• **Web page caption snippets**
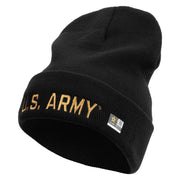Licensed Golden US Army Embroidered 12 Inch Long Knitted Beanie - Black OSFM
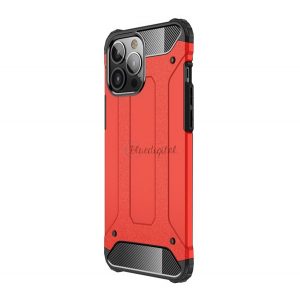 Protector de telefon din plastic Defender (rezistenta medie la impact, colt cu perna de aer, interior din silicon, efect metalic) RED Apple iPhone 13 Pro Max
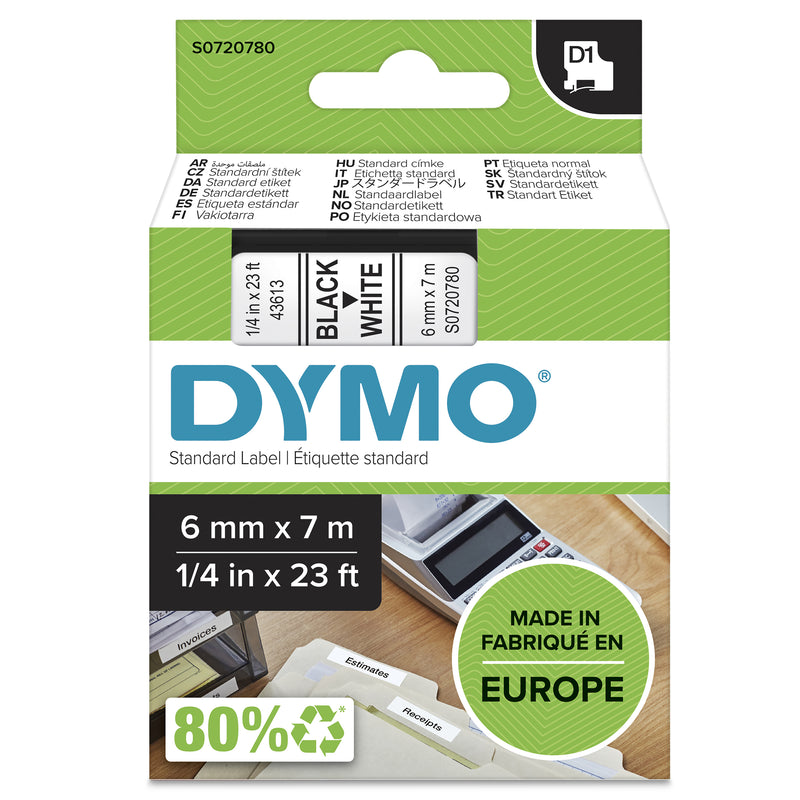 DYMO D1 Standard - Black on White - 6mm etiketbånd Sort på hvid
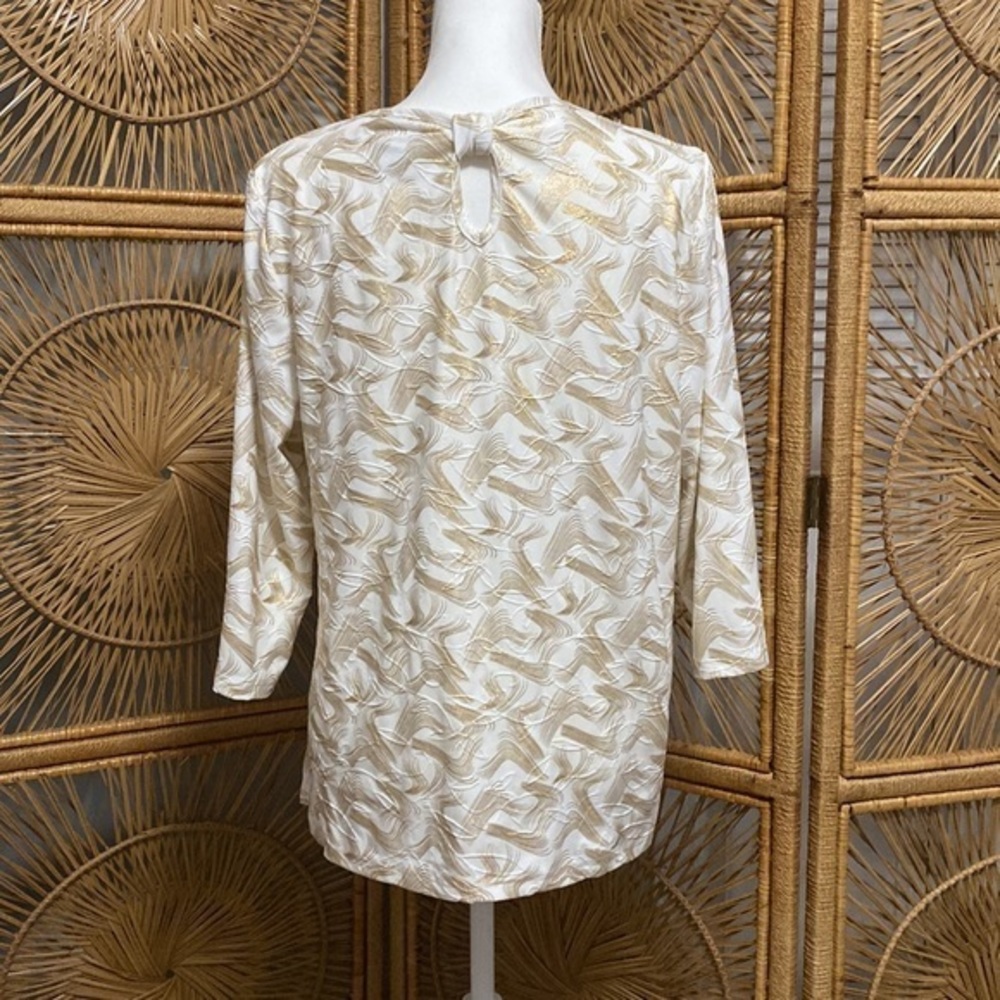 BonWorth Womens Medium Fun Print Blouse Stretchy Three Quarter Length Sleeves - Picture 4 of 7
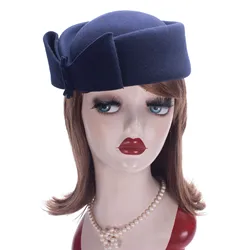 Lawliet Teardrop  Fascinator Women Vintage Look Pillbox Hat Top Fancy Wool Felt Hat Cocktail Racing Party Wedding Church A253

• **TASK**
Exact copies of the lines from the one containing "DYMO D1 Standard" through the final line of the data are required; pictures are to be omitted.

• **OUTPUT FOR THIS TASK**
 DYMO D1 Standard - Black on White - 6mm etiketbånd Sort på hvid
 BonWorth Womens Medium Fun Print Blouse Stretchy Three Quarter Length Sleeves - Picture 4 of 7
 Lawliet Teardrop  Fascinator Women Vintage Look Pillbox Hat Top Fancy Wool Felt Hat Cocktail Racing Party Wedding Church A253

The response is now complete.